● **Exercise data**:
....

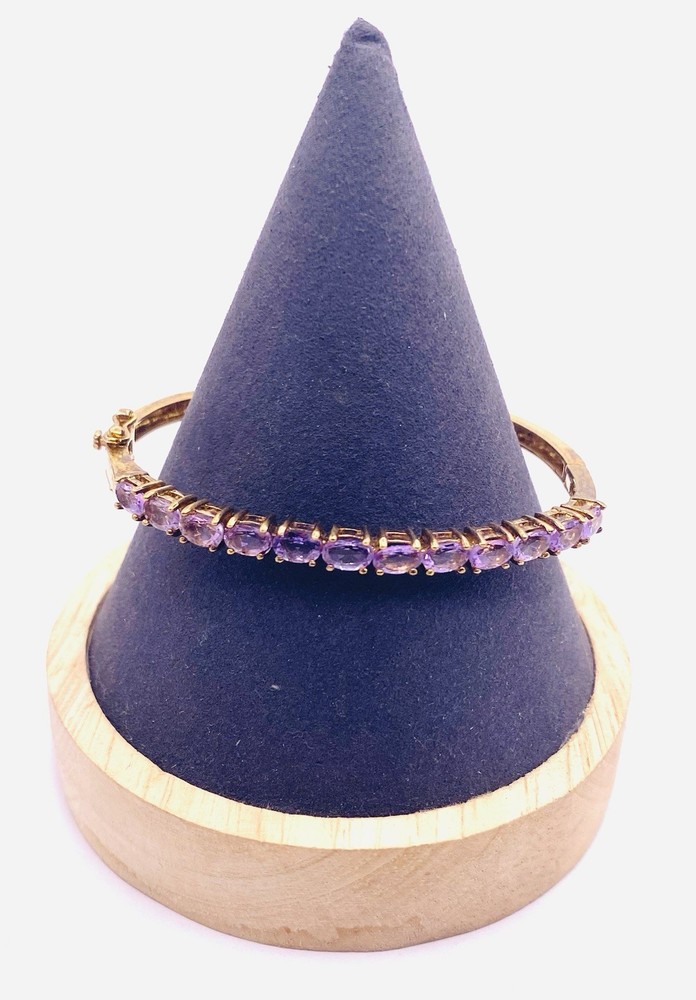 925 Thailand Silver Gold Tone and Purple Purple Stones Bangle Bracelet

....

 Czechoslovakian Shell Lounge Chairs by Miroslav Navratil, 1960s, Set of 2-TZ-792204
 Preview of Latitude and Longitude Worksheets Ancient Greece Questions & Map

....

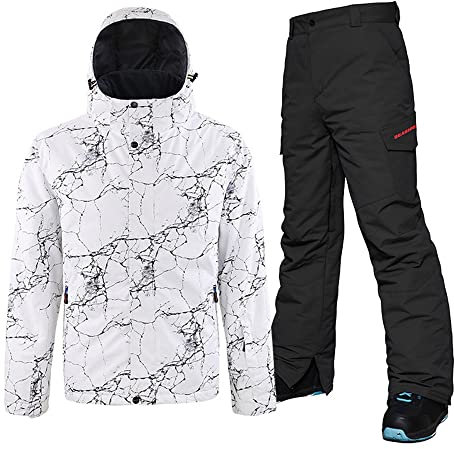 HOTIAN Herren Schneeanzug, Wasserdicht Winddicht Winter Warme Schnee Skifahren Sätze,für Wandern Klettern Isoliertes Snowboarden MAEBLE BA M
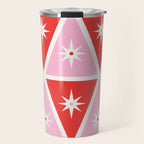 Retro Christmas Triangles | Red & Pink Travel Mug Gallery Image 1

....

● **Brief**:
Would you please reproduce the entries above, starting at the line with "HOTIAN Herren Schneeanzug, Wasserdicht" and stopping after the line with "Retro Christmas Triangles"? Omit any pictures.

● **Result for this exercise**:
 HOTIAN Herren Schneeanzug, Wasserdicht Winddicht Winter Warme Schnee Skifahren Sätze,für Wandern Klettern Isoliertes Snowboarden MAEBLE BA M
 Retro Christmas Triangles | Red & Pink Travel Mug Gallery Image 1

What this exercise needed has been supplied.